The occupation of Mount Tabor is over after four days.

The organizer of the Camp Cascadia protest against covering the city's open-air reservoirs tells WW that demonstrators are leaving the mountain, concerned that further chanting, honking and police presence would alienate neighborhood backing.

"After four days, we're not interested in alienating the people we want to work with," Jessie Sponberg says. "We were teeter-tottering on losing the support of the community."

Unlike the Occupy Portland camps that tied up two downtown parks for months in 2011, the occupation of Mount Tabor turned out to be brief, pastoral and anticlimactic.

Despite promises by leaders of "a strategic, organized siege" and challenges to police, the protest against covering the city's open-air reservoirs turned into a family-oriented picnic with just seven arrests in four nights, as most demonstrators voluntarily left the park each evening shortly after midnight.

Last night, about 100 protesters decided not to confront about 30 riot cops in the park. Today, Sponberg and other protest organizers announced they had "decided to declare a small victory" and not return to Mount Tabor.

"Cooler heads and the reality of the situation prevailed," Sponberg says. "Did people expect we were going to spend the night in jail? Not necessary. We all agreed we wanted to end it on a positive note."

Protesters say they'll make their regular appearance at City Hall on Wednesday morning.

Mayor Charlie Hales has easily quashed a repeat of the protracted Occupy Portland camps.

Protesters—a blend of water-purity activists and Occupy veterans—had demanded the mayor rescind his announcement that the city would stop fighting federal regulations calling for replacing the Mount Tabor drinking water reservoirs with underground tanks.

He didn't.

"The decision by the U.S. Environmental Protection Agency that we have to do something about our reservoirs is not something any of us are happy about," says Hales spokesman Dana Haynes. "The city, once upon a time, spent $2 million to sue the EPA over this. And lost."

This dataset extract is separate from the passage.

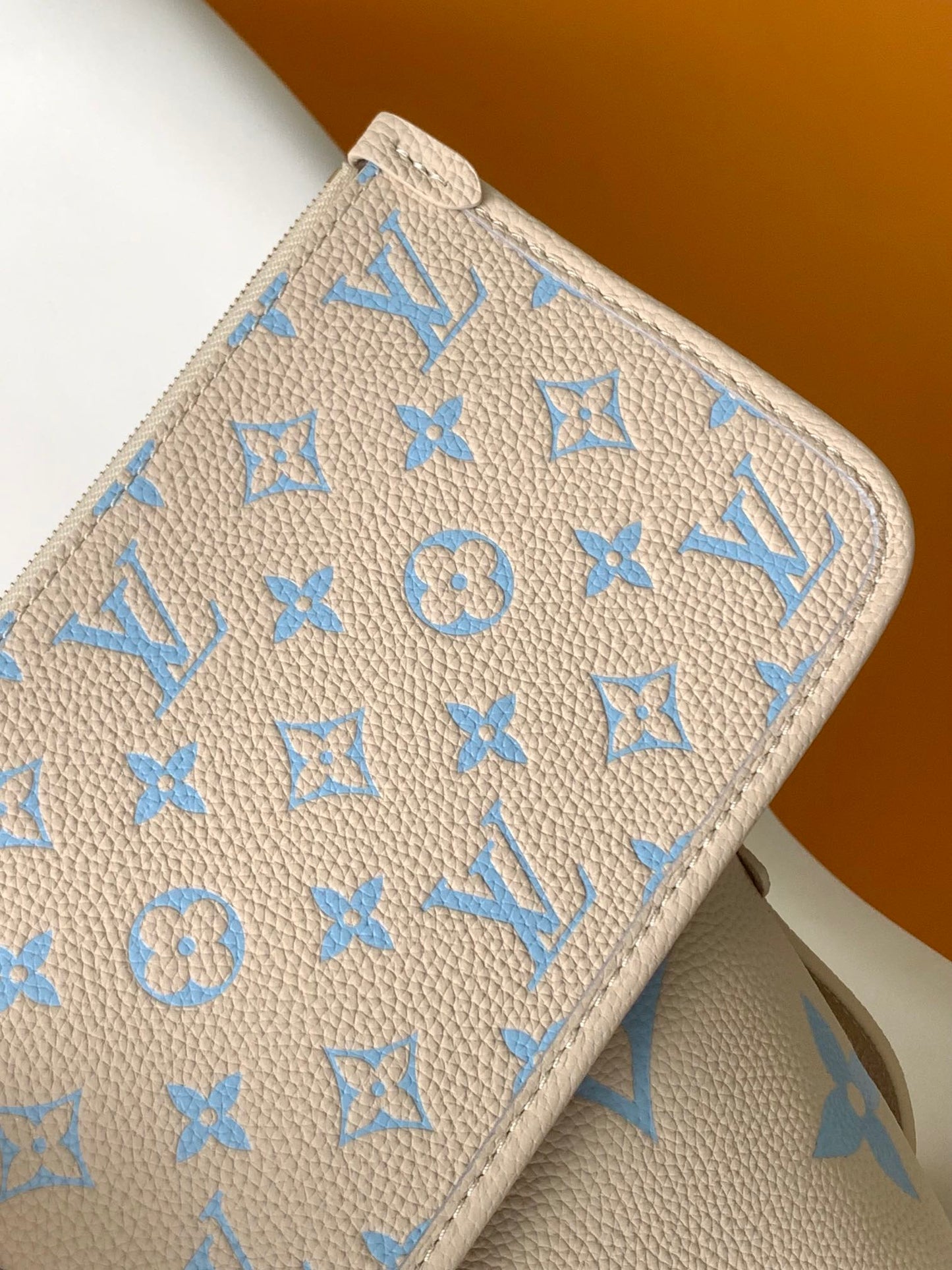 CARRYALL PM 29 BAG IN BEIGE MIX BLUE MONOGRAM EMPREINTE LEATHER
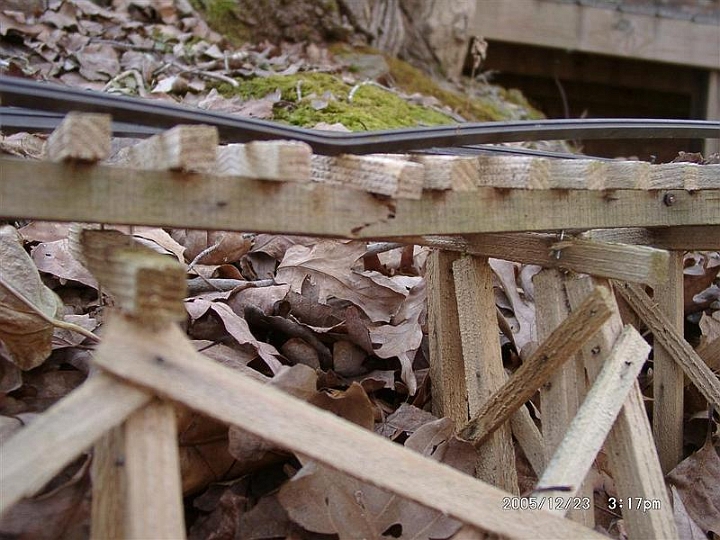 200512231517b.JPG - Another view of the damage. As of 3 January 2006 the trestle has been repaired and the rail is in place but still needs to be spiked down.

Haynes called on water activists to join the city in finding a new use for the Mount Tabor reservoirs. 

"We hope the advocates understand: The park's been great. It's a gem of the city," Haynes says. "How do we make it even better, now that it's not a working reservoir?"

Sponberg, who promoted the event with escalating calls for confrontation with city officials, now describes those comments as "varying degrees of hyperbole." He says the last four days have attracted new attention to dissent against covering the reservoirs.

"This isn't about my ego," Sponberg says. "This isn't about me standing on Mount Tabor and seeing if I can scream the loudest. This is about the future of our water supply."